=== Section Start ===

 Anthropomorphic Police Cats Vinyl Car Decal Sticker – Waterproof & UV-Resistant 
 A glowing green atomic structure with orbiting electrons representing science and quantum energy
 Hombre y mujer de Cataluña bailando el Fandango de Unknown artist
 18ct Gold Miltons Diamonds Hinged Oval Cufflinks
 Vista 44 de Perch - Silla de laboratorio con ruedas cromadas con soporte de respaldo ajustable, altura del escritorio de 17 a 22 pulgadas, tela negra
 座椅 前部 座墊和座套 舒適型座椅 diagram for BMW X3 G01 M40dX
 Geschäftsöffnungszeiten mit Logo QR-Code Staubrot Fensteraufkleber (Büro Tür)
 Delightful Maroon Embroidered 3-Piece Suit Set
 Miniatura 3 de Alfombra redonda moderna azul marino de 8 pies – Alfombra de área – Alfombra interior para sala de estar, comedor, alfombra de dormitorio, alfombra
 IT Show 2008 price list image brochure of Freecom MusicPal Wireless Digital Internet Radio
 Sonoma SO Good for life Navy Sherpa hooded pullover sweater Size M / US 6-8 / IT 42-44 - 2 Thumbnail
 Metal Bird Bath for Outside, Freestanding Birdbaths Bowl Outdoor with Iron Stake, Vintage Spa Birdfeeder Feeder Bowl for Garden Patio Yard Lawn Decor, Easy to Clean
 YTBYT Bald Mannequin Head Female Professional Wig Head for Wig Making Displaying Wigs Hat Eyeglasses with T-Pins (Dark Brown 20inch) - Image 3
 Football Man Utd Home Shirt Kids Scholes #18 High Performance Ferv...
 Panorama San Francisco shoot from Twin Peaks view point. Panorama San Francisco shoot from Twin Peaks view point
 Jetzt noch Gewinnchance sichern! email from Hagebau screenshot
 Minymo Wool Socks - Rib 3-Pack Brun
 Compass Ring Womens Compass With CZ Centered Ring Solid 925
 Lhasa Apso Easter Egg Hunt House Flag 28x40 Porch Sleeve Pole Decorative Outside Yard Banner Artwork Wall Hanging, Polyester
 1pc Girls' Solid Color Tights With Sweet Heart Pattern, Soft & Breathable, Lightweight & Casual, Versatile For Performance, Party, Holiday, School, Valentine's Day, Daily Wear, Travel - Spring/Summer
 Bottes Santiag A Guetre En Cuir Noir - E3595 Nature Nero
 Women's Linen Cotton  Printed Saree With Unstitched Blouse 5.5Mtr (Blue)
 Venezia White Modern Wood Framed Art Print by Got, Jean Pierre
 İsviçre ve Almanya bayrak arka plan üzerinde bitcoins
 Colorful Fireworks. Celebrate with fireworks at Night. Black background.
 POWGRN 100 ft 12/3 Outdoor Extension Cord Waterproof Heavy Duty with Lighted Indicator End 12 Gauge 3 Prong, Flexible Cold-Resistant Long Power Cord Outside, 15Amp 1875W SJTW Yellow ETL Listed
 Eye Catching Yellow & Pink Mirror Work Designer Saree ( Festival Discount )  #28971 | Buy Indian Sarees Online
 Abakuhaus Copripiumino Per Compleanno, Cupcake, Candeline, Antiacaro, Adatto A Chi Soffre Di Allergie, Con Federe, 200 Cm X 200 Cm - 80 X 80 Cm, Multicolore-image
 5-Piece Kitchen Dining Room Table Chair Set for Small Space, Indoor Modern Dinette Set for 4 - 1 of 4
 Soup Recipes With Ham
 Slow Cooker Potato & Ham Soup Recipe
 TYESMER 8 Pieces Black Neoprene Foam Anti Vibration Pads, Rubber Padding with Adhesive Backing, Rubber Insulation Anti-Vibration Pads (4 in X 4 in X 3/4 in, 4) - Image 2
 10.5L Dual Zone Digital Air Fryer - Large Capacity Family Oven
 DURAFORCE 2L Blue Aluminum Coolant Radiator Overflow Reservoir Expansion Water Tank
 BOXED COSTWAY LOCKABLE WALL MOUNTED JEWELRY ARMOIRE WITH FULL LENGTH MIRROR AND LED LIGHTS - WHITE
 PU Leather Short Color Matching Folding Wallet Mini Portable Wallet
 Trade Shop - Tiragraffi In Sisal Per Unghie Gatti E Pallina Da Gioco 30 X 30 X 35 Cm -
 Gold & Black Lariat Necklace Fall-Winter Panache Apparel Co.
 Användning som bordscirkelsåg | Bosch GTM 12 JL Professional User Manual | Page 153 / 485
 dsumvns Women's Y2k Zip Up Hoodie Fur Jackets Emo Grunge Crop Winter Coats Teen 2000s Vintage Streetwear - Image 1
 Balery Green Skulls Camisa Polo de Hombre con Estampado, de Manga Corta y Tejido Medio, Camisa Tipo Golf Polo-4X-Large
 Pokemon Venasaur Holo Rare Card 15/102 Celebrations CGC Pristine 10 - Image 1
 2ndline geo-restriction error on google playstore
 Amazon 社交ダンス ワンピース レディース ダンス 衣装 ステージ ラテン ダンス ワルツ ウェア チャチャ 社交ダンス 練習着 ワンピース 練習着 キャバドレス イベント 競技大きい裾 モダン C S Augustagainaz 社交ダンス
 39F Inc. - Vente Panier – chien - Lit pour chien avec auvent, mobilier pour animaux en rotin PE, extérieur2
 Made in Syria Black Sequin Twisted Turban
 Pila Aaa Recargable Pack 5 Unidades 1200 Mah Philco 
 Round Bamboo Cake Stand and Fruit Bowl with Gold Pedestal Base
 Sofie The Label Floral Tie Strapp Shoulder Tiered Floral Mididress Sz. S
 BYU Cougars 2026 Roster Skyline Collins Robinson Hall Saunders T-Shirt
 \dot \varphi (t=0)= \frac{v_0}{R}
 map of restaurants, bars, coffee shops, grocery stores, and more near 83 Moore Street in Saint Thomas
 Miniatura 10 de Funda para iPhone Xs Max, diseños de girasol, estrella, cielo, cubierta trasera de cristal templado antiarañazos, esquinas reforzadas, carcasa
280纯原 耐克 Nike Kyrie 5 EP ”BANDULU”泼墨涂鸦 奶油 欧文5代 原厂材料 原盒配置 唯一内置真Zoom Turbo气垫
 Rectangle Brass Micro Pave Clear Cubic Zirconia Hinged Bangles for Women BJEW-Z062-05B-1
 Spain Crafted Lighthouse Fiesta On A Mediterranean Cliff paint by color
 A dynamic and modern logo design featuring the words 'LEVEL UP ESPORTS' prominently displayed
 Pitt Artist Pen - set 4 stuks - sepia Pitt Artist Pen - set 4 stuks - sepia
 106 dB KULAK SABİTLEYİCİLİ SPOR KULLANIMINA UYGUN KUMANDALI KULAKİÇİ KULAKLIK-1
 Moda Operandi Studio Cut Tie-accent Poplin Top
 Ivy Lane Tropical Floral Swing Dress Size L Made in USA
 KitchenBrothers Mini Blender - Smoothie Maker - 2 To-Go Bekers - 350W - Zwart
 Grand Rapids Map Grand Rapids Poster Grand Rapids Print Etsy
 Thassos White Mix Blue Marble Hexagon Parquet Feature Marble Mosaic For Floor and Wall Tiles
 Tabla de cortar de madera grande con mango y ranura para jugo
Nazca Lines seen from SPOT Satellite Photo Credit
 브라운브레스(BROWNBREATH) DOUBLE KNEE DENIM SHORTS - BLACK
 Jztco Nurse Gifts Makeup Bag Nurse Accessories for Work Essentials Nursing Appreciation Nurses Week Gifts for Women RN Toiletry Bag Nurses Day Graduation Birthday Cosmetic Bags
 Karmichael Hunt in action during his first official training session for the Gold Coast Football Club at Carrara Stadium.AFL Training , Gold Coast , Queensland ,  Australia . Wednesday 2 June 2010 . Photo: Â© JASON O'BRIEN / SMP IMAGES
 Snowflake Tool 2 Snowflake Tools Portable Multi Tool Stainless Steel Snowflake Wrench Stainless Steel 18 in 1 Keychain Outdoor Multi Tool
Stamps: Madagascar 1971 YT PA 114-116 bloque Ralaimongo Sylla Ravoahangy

=== Section End ===

* YOUR TASK *
From the material above, set down exactly the lines starting at the one with "PU Leather Short" and ending at the one with "Användning som bordscirkelsåg", end lines included.

* RESPONSE TO THIS TASK *
 PU Leather Short Color Matching Folding Wallet Mini Portable Wallet
 Trade Shop - Tiragraffi In Sisal Per Unghie Gatti E Pallina Da Gioco 30 X 30 X 35 Cm -
 Gold & Black Lariat Necklace Fall-Winter Panache Apparel Co.
 Användning som bordscirkelsåg | Bosch GTM 12 JL Professional User Manual | Page 153 / 485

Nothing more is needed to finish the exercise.